Mr. Speaker, I want to remind the parliamentary secretary that we proposed an entire series of amendments. Among others, my colleague from La Pointe-de-l'Île proposed a very specific amendment on the priorities of the provinces and respecting their jurisdictions, but the committee rejected it.
The bill may have been improved over its original version, but it is quite far from respecting the intent of the Canadian Constitution. This bill does not protect the exclusive jurisdictions of the provinces. In fact, it does not even take them into account.
As for the bill that was rejected by the House this week, it was simply a matter, under the Canadian Constitution, of ensuring that, in terms of the exclusive jurisdictions of the provinces or shared jurisdictions, the Government of Canada and Parliament could consult the provinces, which is perfectly normal.

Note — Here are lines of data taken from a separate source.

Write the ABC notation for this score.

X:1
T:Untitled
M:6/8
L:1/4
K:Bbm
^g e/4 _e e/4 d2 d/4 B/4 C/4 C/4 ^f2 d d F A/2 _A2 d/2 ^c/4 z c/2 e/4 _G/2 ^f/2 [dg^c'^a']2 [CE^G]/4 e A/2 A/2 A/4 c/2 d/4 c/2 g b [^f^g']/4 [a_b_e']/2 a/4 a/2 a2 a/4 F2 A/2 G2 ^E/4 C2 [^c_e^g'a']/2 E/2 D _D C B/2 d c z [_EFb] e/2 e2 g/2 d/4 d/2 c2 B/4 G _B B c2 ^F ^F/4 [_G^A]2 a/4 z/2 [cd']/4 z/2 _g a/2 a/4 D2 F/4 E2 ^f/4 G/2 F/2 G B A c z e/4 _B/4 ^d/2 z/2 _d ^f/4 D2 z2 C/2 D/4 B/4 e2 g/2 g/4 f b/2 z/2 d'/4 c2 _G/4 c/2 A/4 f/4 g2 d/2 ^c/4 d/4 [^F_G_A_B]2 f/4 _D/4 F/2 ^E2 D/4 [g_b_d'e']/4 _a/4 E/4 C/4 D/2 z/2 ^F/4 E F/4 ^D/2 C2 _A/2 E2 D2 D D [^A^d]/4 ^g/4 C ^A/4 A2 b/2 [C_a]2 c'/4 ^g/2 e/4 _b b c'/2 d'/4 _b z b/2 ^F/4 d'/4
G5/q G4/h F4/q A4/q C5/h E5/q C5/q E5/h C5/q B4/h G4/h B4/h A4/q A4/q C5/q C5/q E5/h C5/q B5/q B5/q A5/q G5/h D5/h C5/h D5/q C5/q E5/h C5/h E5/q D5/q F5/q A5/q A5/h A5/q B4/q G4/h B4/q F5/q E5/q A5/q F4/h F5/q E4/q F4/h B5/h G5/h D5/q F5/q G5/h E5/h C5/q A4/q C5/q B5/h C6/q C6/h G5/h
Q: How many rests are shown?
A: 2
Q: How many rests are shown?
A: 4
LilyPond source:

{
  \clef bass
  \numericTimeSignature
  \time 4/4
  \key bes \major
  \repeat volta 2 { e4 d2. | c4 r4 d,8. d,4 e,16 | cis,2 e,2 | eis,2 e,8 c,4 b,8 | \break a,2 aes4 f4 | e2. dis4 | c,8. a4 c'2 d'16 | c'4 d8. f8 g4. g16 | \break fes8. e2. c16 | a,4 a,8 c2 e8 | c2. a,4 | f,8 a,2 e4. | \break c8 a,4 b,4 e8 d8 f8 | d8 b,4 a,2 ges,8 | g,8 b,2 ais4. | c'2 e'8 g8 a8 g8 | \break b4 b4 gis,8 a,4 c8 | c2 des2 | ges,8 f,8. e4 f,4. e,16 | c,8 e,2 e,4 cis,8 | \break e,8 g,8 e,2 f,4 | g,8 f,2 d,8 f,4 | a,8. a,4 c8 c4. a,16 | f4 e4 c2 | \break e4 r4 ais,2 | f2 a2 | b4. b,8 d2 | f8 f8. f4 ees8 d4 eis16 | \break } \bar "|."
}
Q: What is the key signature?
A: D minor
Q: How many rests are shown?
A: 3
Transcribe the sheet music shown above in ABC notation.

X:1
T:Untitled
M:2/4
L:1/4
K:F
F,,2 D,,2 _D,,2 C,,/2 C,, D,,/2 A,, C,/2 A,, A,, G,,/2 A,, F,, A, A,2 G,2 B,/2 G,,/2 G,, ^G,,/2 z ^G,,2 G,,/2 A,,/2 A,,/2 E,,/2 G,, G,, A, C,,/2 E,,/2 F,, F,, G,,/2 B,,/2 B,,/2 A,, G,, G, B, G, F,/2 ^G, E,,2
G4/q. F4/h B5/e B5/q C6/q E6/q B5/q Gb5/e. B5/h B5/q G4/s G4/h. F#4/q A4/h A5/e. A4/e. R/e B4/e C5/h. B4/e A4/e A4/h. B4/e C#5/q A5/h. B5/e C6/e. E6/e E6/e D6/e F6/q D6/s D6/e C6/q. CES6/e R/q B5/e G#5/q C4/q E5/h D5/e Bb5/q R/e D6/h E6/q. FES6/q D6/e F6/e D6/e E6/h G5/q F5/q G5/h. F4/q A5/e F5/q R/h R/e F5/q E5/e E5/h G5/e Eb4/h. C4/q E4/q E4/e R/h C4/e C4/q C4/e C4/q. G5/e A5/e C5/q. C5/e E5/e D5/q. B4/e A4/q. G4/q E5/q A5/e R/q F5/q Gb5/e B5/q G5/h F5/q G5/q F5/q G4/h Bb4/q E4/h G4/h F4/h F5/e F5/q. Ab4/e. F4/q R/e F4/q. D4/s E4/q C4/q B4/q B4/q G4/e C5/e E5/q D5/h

I will give a quick example. When the North American Free Trade Agreement was signed, President Clinton asked for two side agreements: one on labour and the other on the environment. Although the federal Liberal government accepted the proposal, it was unable to implement it until a majority of the provinces representing the majority of the public had agreed to do so. For many years, an NDP government in Ontario and one in British Columbia, if my memory serves me correctly, refused. Accordingly, the agreement could not be ratified.
The Canadian Constitution already gives provinces the means to prevent the implementation of agreements signed by the federal government. We were to serve the federal government under the Constitution of 1867. Nonetheless, it seems like the Bloc Québécois is the only party in this House that wants to respect the Constitution of 1867. I am sorry to say so.